Powell's legacy: He persevered, for the good of the game

August 13, 2009

A letter of congratulations from two presidents put a smile on the flushed face of Bill Powell as he sat erect in an easy chair under glaring floodlights, his daughter, Renee, perched on a stool to his left like a mother hen in full protect mode. It was her turn to help steady the hand of her 92-year-old father as he had done so many times for his daughter while she plowed her field of dreams in professional golf.

Bill Powell deserved all of the accolades he received last night as the PGA of America's Distinguished Service Award recipient, the second African American to be so honored (Bill Dickey was the first in 1999).
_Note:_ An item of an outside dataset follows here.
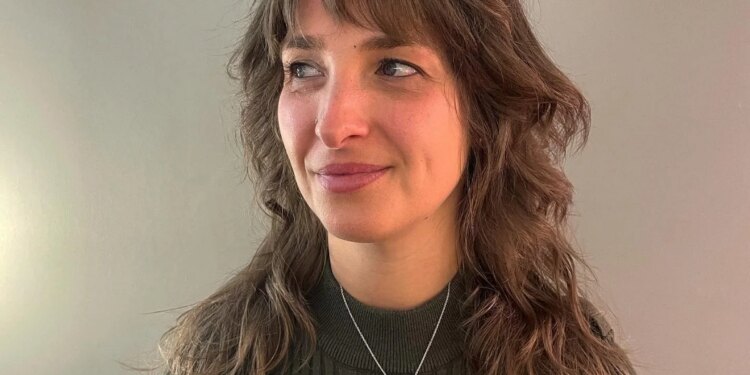 13 lange Wolfshaarschnitt-Looks für 2025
I'm not certain that the presidential pats on the back from the honorable George H.W. Bush and Barack Obama balanced out a lifetime of trials and tribulations wrought for the love of golf, but I believe they helped.

"My love affair with the game of golf started at the age of nine and never wavered,'' said Powell as he read a script detailing his journey from the caddie yards of Minerva, Ohio, to digging nine holes out of the dirt in East Canton in 1946, making history as the first African American to design, construct and own a golf course (Clearview GC) in the process.
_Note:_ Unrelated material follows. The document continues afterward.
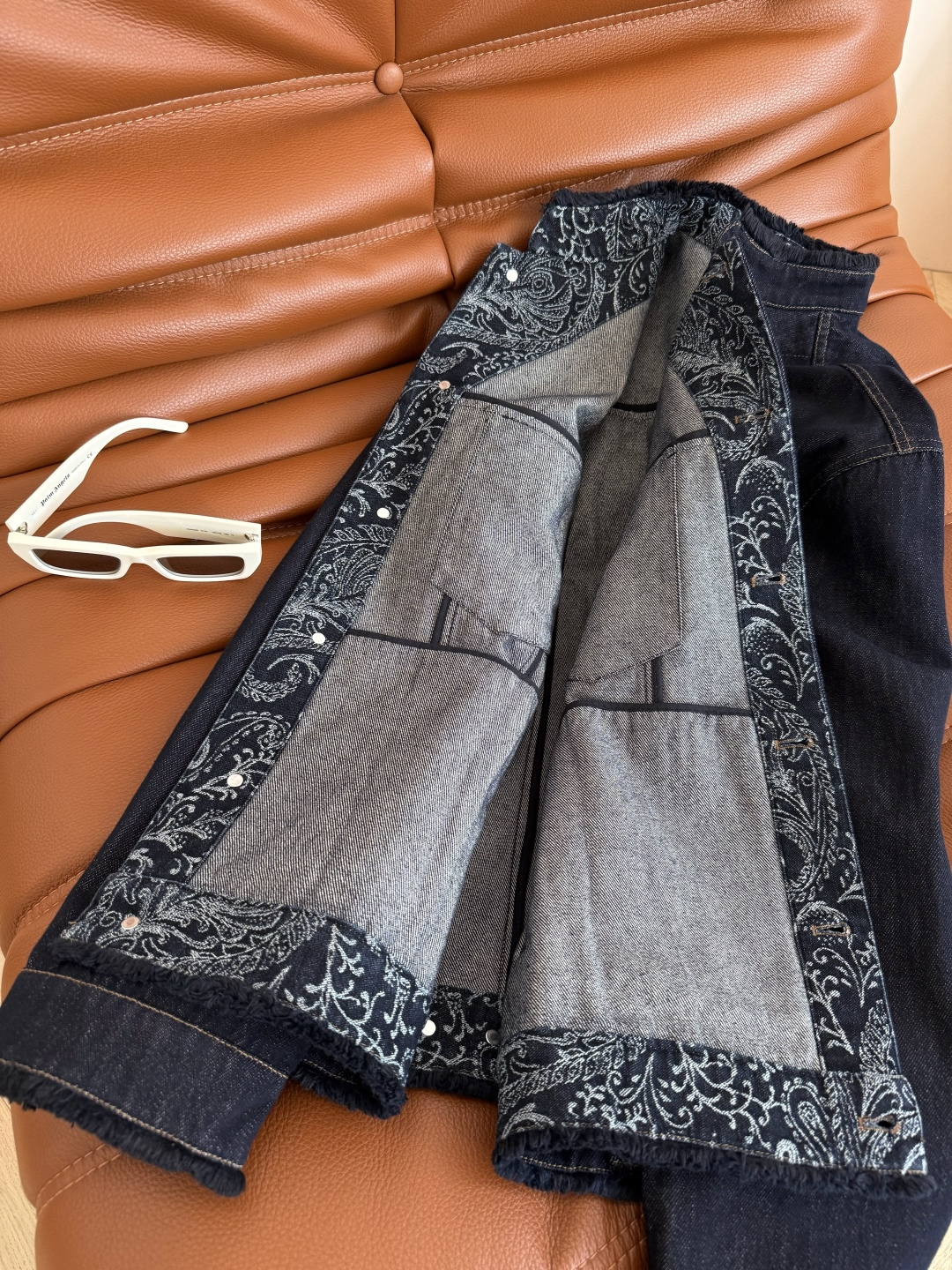 25秋冬 流苏毛边设计牛仔夹克外套 内里腰果花印花细节太好看了 袖口可以卷边穿 一整个复古的Look 老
"You might ask why didn't I give up on golf,'' Powell said, as he passionately described a litany of incidents, both overt and covert, that would have sent a lesser man in search of another vocation. "How could I? I loved it too much.''

Briefly, Powell's story is rooted in American ingenuity, desire, determination and outright hardheadedness. How else do you explain a minority's rise from the caddie yard to the country club fairway alongside the boss of his domestic mother? In the Jim Crow era no less. The boss taught him how to play. Powell taught the boss a thing or two about quick study and setting goals.

The lad and a friend started the golf program at Minerva High. Powell served as captain and coach. He later attended Wilberforce University in Xenia, Ohio. In 1937, he led Wilberforce to victory in a match against Ohio Northern University in what is thought to be the first interracial golf match in this country's history.
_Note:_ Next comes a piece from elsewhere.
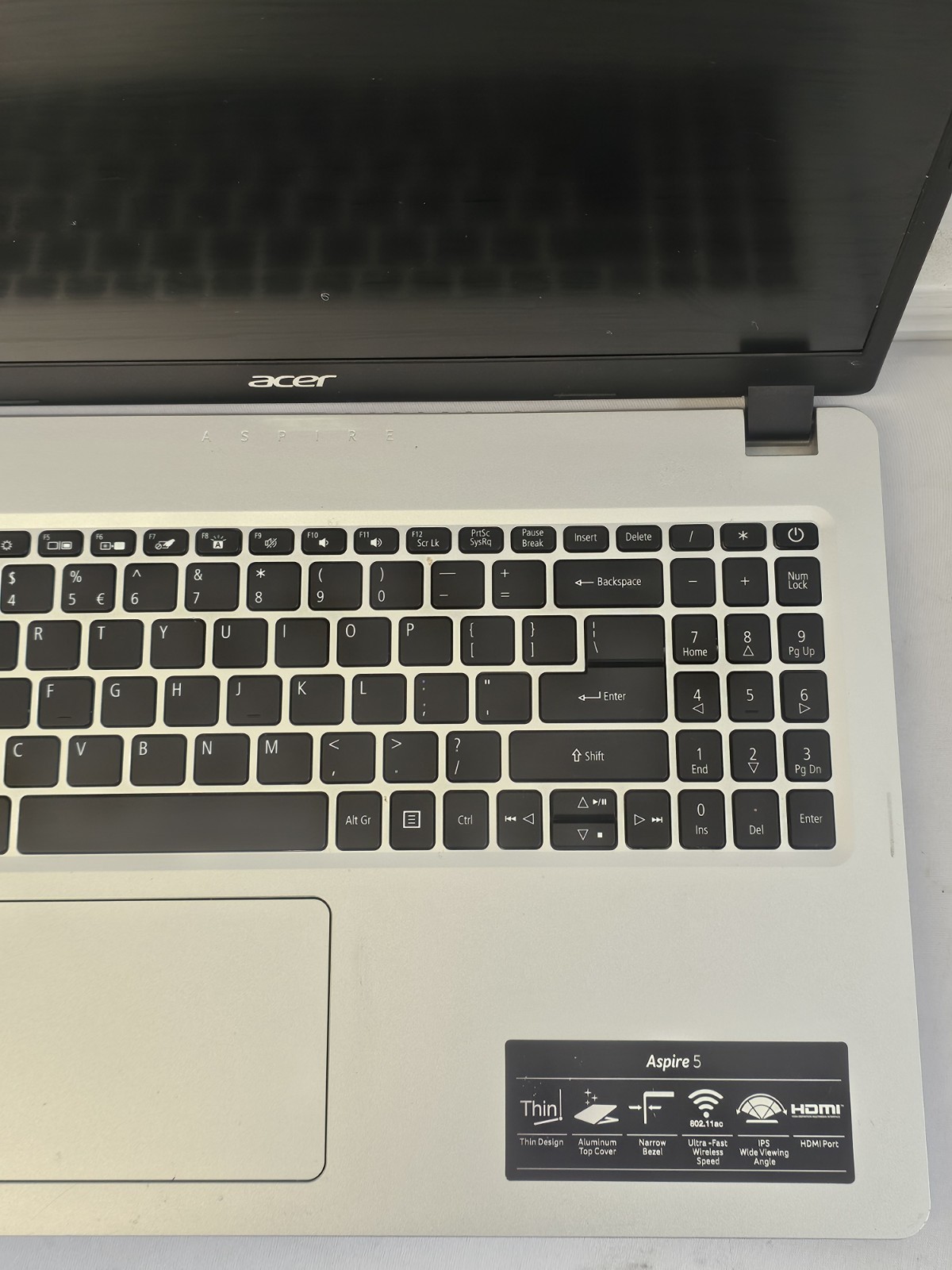 Acer Aspire 5 Laptop – AMD Ryzen 3-3200u – 16GB RAM – 1TB HDD – Windows 11 READ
But for a little exclusionary clause in the PGA's constitution, Powell would have turned pro when he returned home from a tour of duty in World War II. The ultimate slap in the face came shortly after that when he was denied a GI loan to build Clearview. With the support of family and financial backing from a couple of black physicians, Powell forged ahead, eventually adding another nine and securing National Register of Historic Places status for the course.

In the meantime, Renee blazed a trail of her own in becoming the second African American member of the LPGA. Althea Gibson was the first. Her brother Larry has been the agronomist, greens superintendent and overall caretaker of Clearview for years in a true family business.

Visitors to Clearview can sense the loving care in every blade of grass. It is Mr. Powell's legacy. That and his unwavering will power.

"In life you have to believe in yourself even if no one else does,'' Powell said. "Stand tall, stand firm and never give up.''

No one has ever stood taller than Bill Powell even when he was sitting down.